EXERCISE PROMPT: From the listing that follows, reproduce only the lines from the one holding "istock Anonymous man" through the one holding "Business concept. On", both included, with no pictures.

DATA SUPPLIED:
--------------------
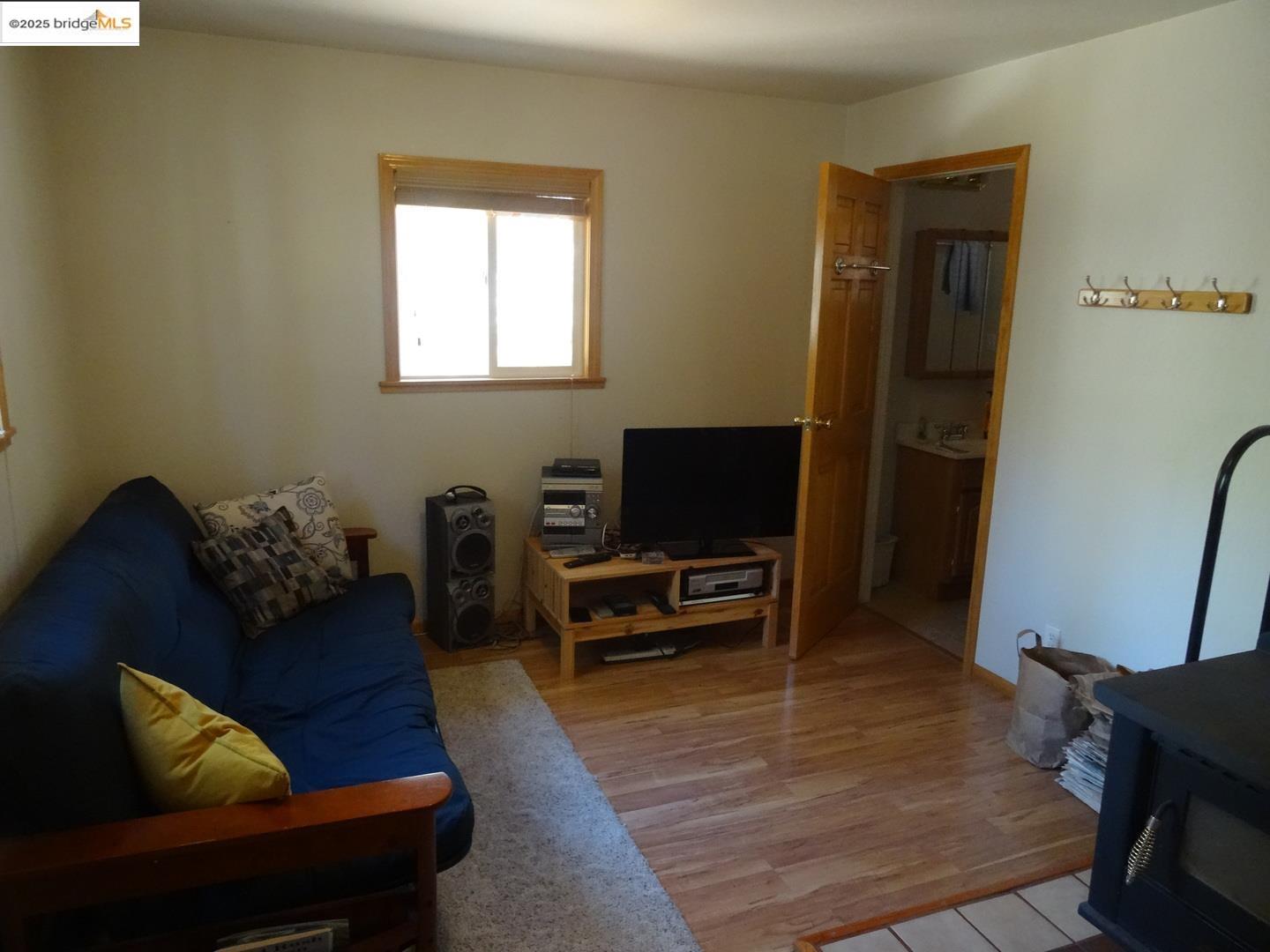 51468 Donner Pass Road Soda Springs, CA 95728 - Photo 14 of 22 a living room with furniture and a flat screen tv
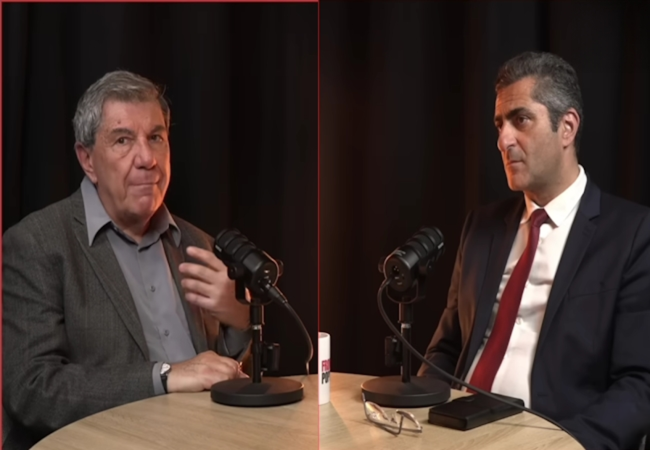 Two men sit at a round table with microphones, appearing to host a podcast or interview in a studio.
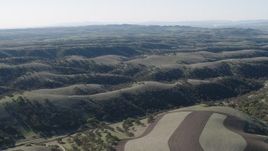 4K aerial stock footage Flying over green hills in San Benito County, California Aerial Stock Footage | AX70_174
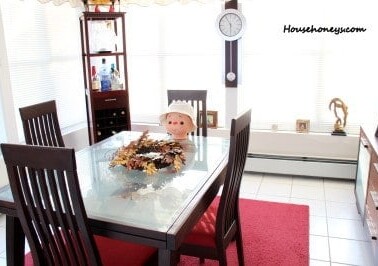 A dining room table with a doll sitting in a chair.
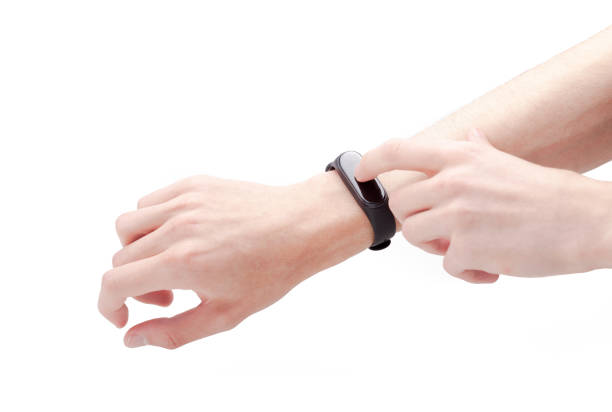 istock Anonymous man tapping a blank empty screen of a modern smartwatch with a finger, smart fit band hands gestures, hands isolated on white, cut out. Tech wearables, wearable technology simple concept 1376655963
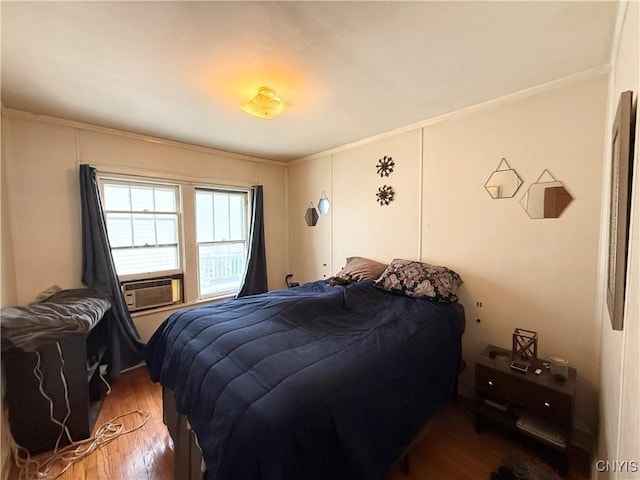 bedroom featuring cooling unit, wood finished floors, and crown molding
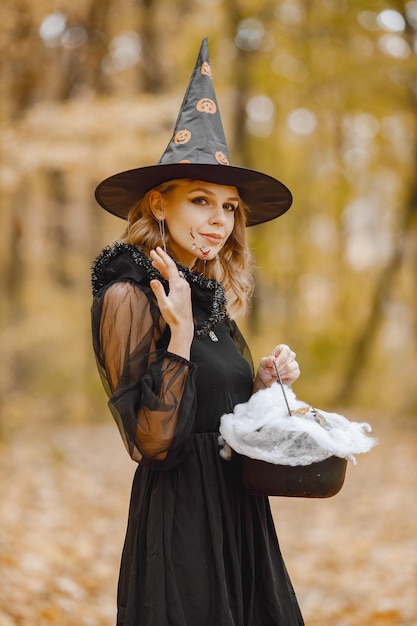 Blonde young girl witch in forest on halloween. girl wearing\
black dress and cone hat. witch holding a magician stuff.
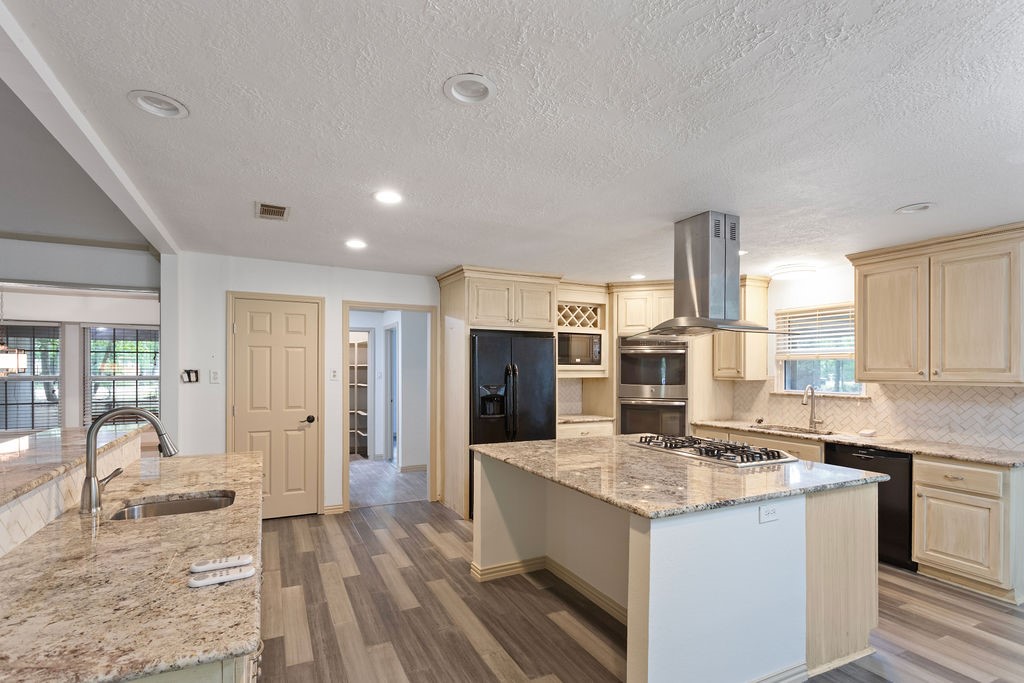 15050 Cardinal Trail Conroe, TX 77302 - Photo 7 of 44 a kitchen with granite countertop kitchen island wooden floors and stainless steel appliances
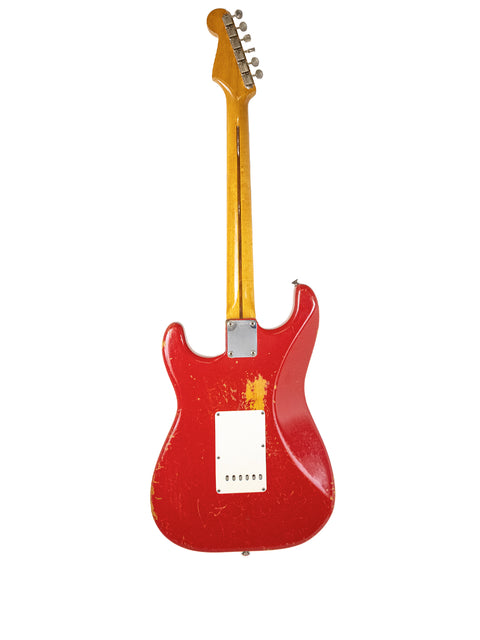A red 1957 Fender Stratocaster, refinished in Dakota Red, presented on a white background, illustrating its timeless design.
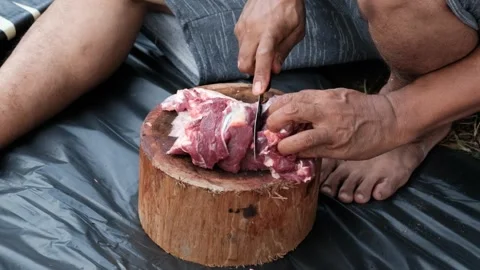 A man cutting meat Stock Footage 244839078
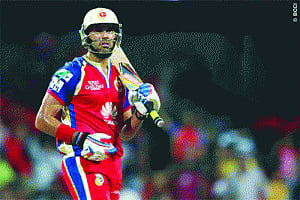 Yuvraj sings the willow song to Bangalore after rain
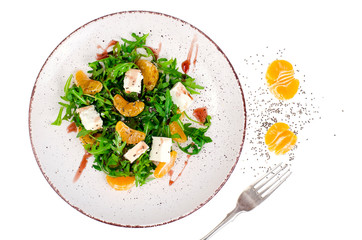 Delicious fruit and vegetables salad. Tangerine, feta cheese, arugula and chia seeds in plate. Healthy food concept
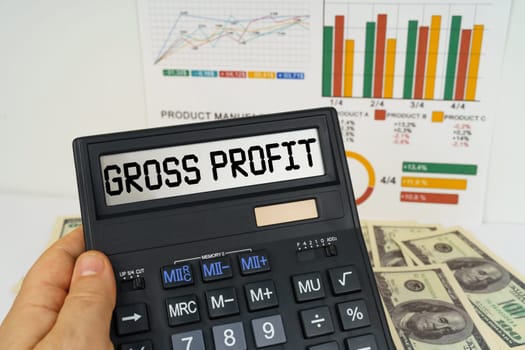 Business concept. On the table there are financial reports, dollars, in the hands of a calculator with the inscription - gross profit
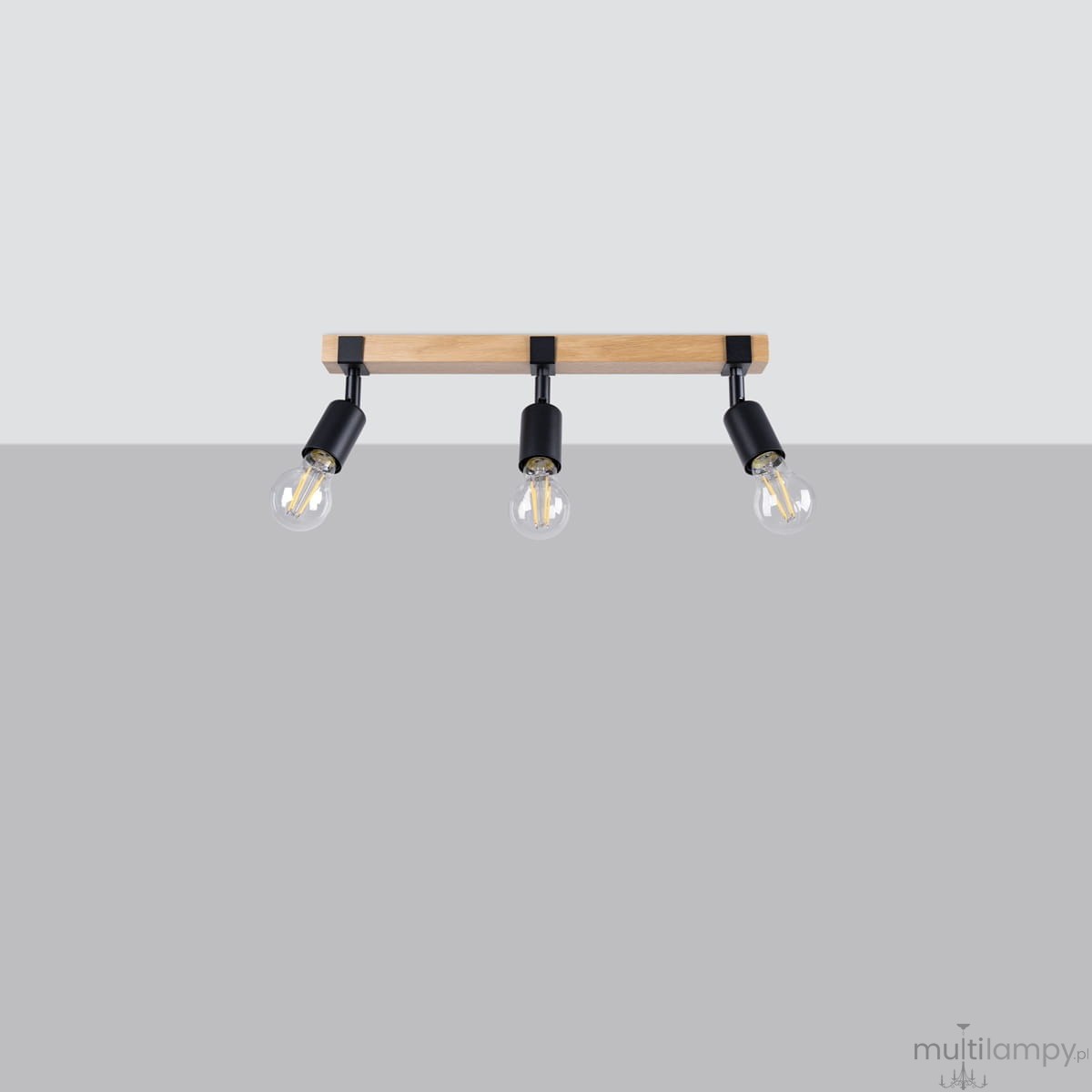 Lampa sufitowa Zuca z trzema oprawami E27, z drewnianym elementem w jasnym kolorze i czarnymi metalowymi uchwytami. Zamontowana poziomo, z widocznymi żarówkami w szklanych kloszach, na jednolitym szarym tle.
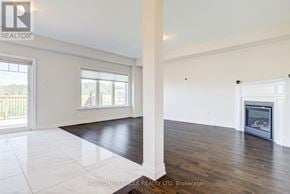New Tecumseth (Alliston) apartment for rent - A spacious living room with a fireplace and hardwood floors.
--------------------
OUTPUT OF THE TASK:
 istock Anonymous man tapping a blank empty screen of a modern smartwatch with a finger, smart fit band hands gestures, hands isolated on white, cut out. Tech wearables, wearable technology simple concept 1376655963
 bedroom featuring cooling unit, wood finished floors, and crown molding
 Blonde young girl witch in forest on halloween. girl wearing\
black dress and cone hat. witch holding a magician stuff.
 15050 Cardinal Trail Conroe, TX 77302 - Photo 7 of 44 a kitchen with granite countertop kitchen island wooden floors and stainless steel appliances
A red 1957 Fender Stratocaster, refinished in Dakota Red, presented on a white background, illustrating its timeless design.
 A man cutting meat Stock Footage 244839078
 Yuvraj sings the willow song to Bangalore after rain
 Delicious fruit and vegetables salad. Tangerine, feta cheese, arugula and chia seeds in plate. Healthy food concept
 Business concept. On the table there are financial reports, dollars, in the hands of a calculator with the inscription - gross profit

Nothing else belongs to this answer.